# food plots



## macfish (Apr 7, 2004)

Need some advice, last year we put in clover and beats deer would come into clover everyonce in awhile, but once we got a frost they hit the beats like clock work. my question is what is a good early season food plot?


----------



## M.Magis (Apr 5, 2004)

Clover, rye (grain), winter wheat, and oats will all work. I&#8217;m not big on mixtures, but a mixture of clover and one of those cereal grains should work very well. The seeds are very different in size, so they should be planted separately. Plant the grain see first and either disk or drag, and then plant the clover on top of that.

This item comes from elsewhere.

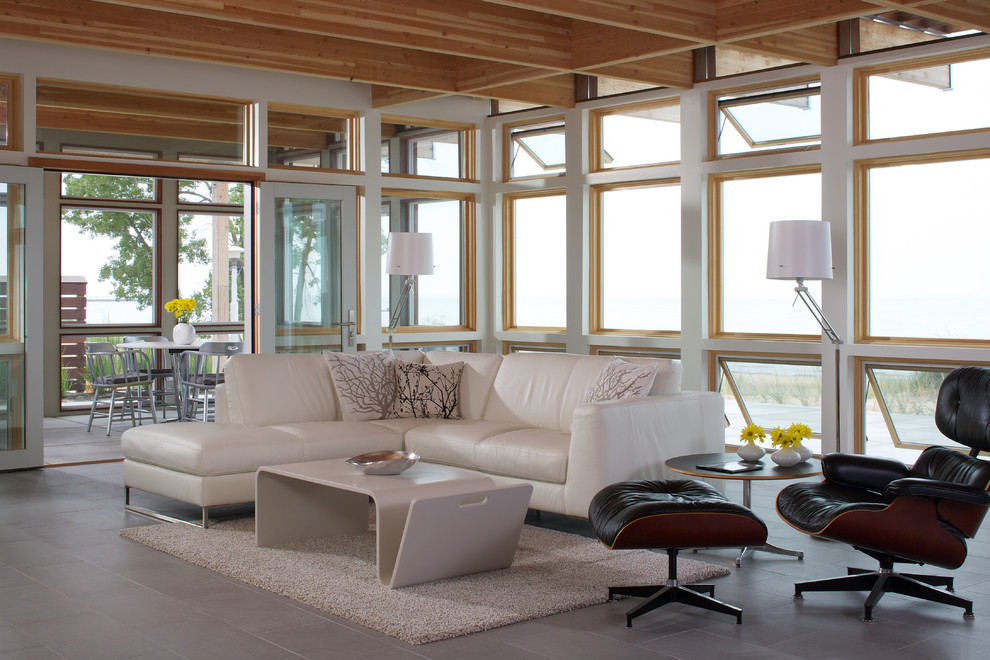 Ispirazione per un soggiorno minimal di medie dimensioni e aperto con pareti bianche, sala formale e pavimento con piastrelle in ceramica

The clover can be left on top and the rain will do the rest. 
I&#8217;d plant maybe mid August so the plot is at the right stage for early season.


----------



## shorebound (Apr 26, 2008)

I gave up on clover basically because it's every where... I did beats as well last year and they did well... I stuck with rye and I staggered the rye so that there was about two weeks in between planting started that in the beginning of August ended planting the beginning of sept.. I did this mostly because the cost of the pre mixed food plots at outdoor stores are to expensive... And I could get my hands on rye for cheap... I would like to have oats but we will see what this fall brings about 


_OutdoorHub Mobile, the information engine of the outdoors._


----------



## fatkid (Oct 14, 2006)

beans beans beans but plant them if you can when the farmer plants them around you every other year. beans are great cause deer eat them all summer and then in the late winter deer will start eating them again . its also a great way to find sheds. plant many acres as you can. also look into a round up ready forage bean . feel free to ask me anything i put in food plots for myself and on the side with my compact kubota


----------



## M.Magis (Apr 5, 2004)

Don't bother with beans if you can't plant 5+ acres, or you plan to fence it. They can wipe them out in a matter of days.


----------



## wildman (Sep 3, 2008)

Bean's and then oat wheat or rye when they dry out. I like wheat It also doesn't hurt to throw a kale/rape/turnip/radish mix with it..


----------